Mike,
The capability that you are asking for does not exist, at least not within the LA HW. The data from a single physical external channel is, for the most part, connected directly to a single physical internal bit location. This means that if you only have 3 physical wires connected to your target, then approximately 95% (65/68) of the LA memory will not be used.
There are some things you can do in State mode, with some buses, using the Master/Slave or Demux modes to improve the situation by a factor of two. In Timing mode, you can go into half-channel/double-depth mode.
I had a very large customer who asked for this capability a few years ago. They only needed 1->4 fanout (16 -> 64 channels). It required an external box with some special programming, and only worked with the 16900 family of analyzers and cards. In their case, they were using the 256M cards, and this gave them 1G samples of data per capture. It was a pretty expensive solution.
As you note, besides the HW changes necessary to accommodate this, a number of SW changes would be required to reconstruct the data into a single stream. There are some tools that could do this on the 16900 Family, and, in theory, you could do this on a 16700 also using the optional SW development environment (whose name escapes me just now).
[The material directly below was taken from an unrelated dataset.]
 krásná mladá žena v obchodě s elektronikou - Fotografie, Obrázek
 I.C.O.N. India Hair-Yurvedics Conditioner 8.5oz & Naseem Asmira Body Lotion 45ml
Depending on exactly what your signals look like, there might be another solution. Advanced Logical Devices
http://www.ald.com has an external box for connecting to I2C, SPI and RS-232. It converts the serial bitstream to parallel, and passes it to the LA that way. On at least one of the buses, they have a decoder. If your bitstream looks like one of the buses they support, you might be able to get much better memory utilization out of your LA.
Al